EXERCISE: Repeat the listing exactly, line by line, and leave the pictures behind.

GIVEN INFORMATION:
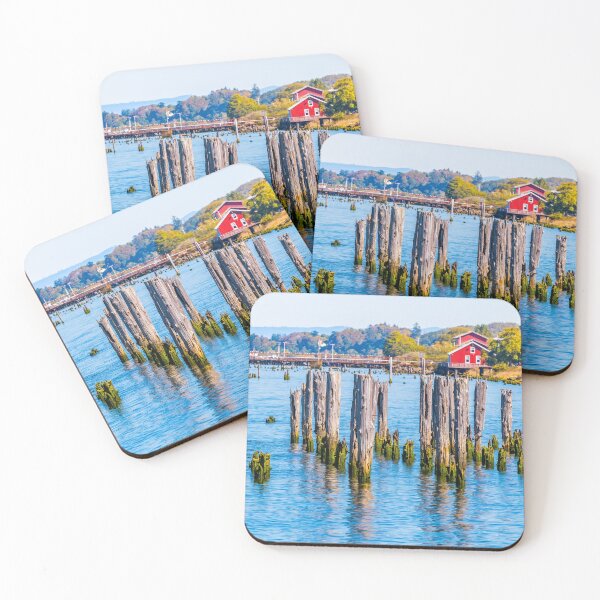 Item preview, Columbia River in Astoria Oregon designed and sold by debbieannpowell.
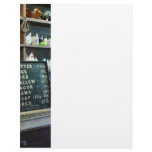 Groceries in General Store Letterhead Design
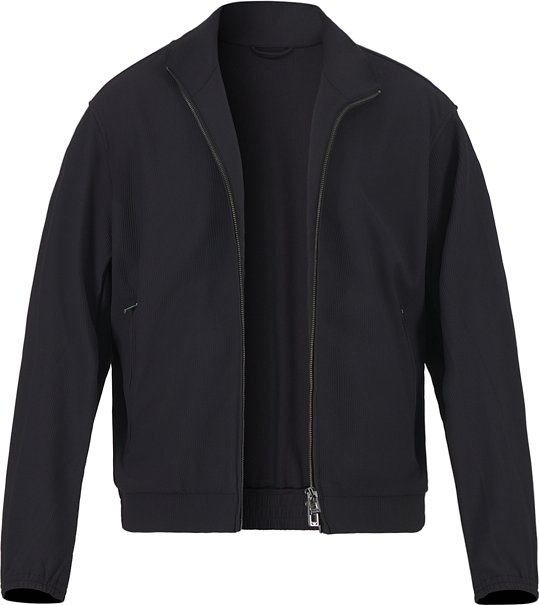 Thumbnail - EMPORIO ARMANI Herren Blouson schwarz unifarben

COMPLETED EXERCISE:
 Item preview, Columbia River in Astoria Oregon designed and sold by debbieannpowell.
 Groceries in General Store Letterhead Design
 Thumbnail - EMPORIO ARMANI Herren Blouson schwarz unifarben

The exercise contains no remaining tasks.